Guardamar’s Lemon Tree Market is to stay open for the time being after the court of Contencioso-Administrativo (Administrative Litigation) suspended the planned closure after an earlier decree from the Supreme Court ordering it shut down for not having a license.  Guardamar mayor, José Luis Sáez, reported the suspension on Monday, after the council and market bosses had had a series of meetings to legalise activities at the site.

Earlier this year, a manager of another local market threatened to take legal action against the council for not enforcing the Supreme Court order against the Lemon Tree Market which has been running without a licence since 1993. The Court ruled in February that public interests were not served by it continuing, but the closure notice was not enforced by the previous Partido Popular-run council in Guardamar.  The new PSOE mayor, José Luis Sáez, said this week: – “We are fully aware of the problems that the possible closure of the market could cause, but we can’t forget as well that it is the responsibility of public officials to comply with the law. We are continuing to work on seeing that activities on the market site are licensed”.  The council were set to enforce the Supreme Court ruling earlier this month, with market spokesman Juan Fernández claiming that 700 families depended on it for their livelihood.

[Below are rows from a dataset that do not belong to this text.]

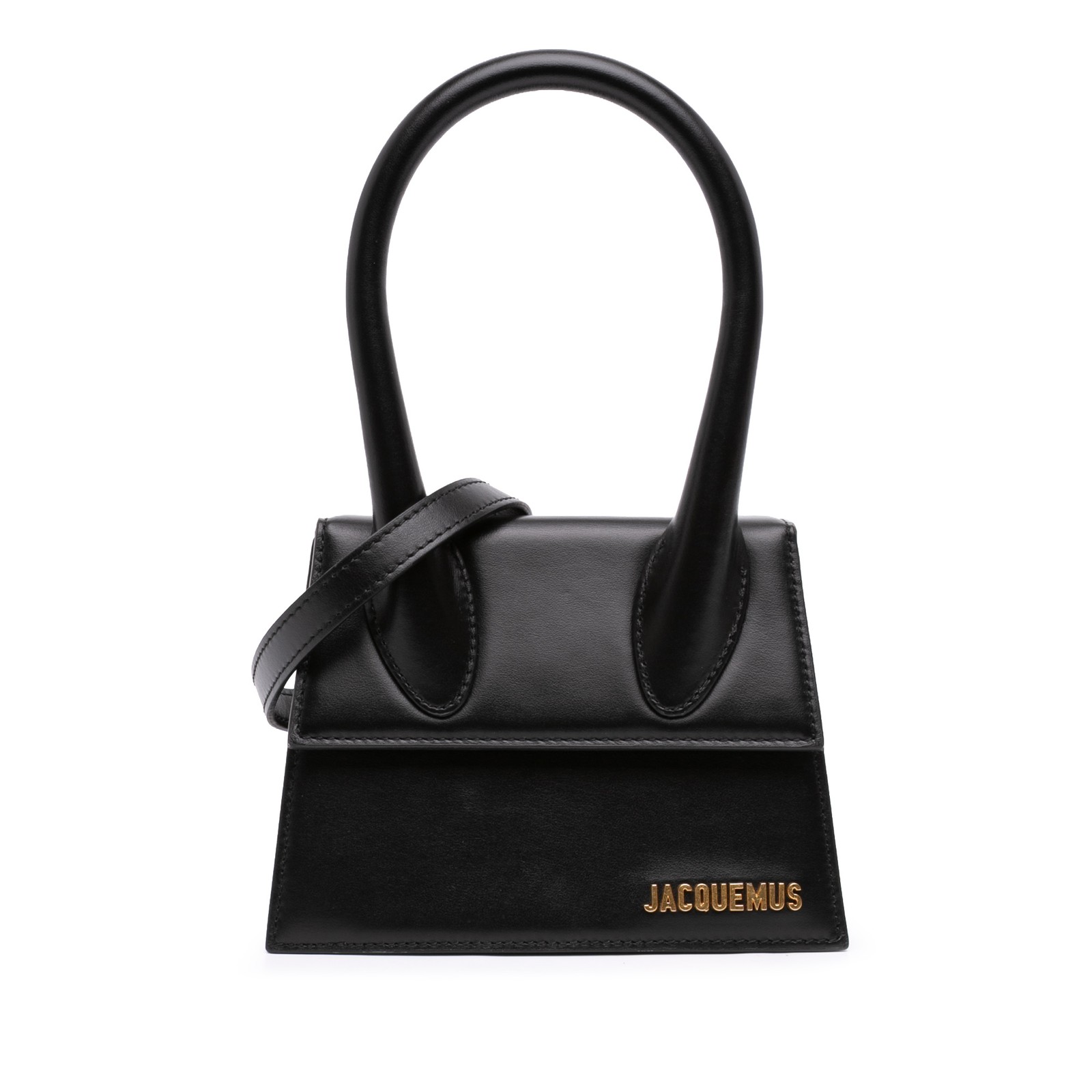 Jacquemus Leather Le Chiquito Moyen Pre-Loved Satchel Black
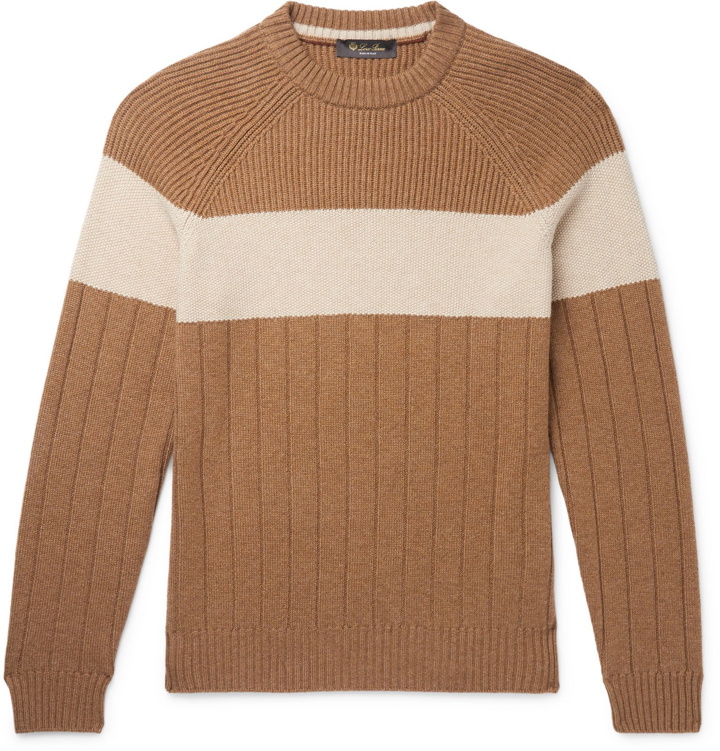 Photo: Loro Piana - Slim-Fit Striped Ribbed Cashmere Sweater - Brown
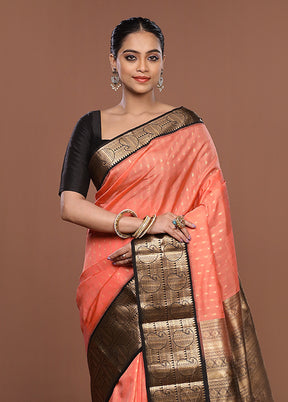 Peach Handloom Kanchipuram Pure Silk Saree With Blouse Piece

But with good news for the market, comes bad, with a Torrevieja  investigating judge saying that there was evidence that market bosses were irresponsible for letting septic tanks affect the La Mata lake. The environmental department of the Guardia Civil, SEPRONA, has been investigating reports of waste discharges in the area and took samples away in November 2014 for analysis. The judge concluded that it was highly likely that an environmental crime had been committed with further legal measures pending. He also noted that the market was being run without an appropriate license.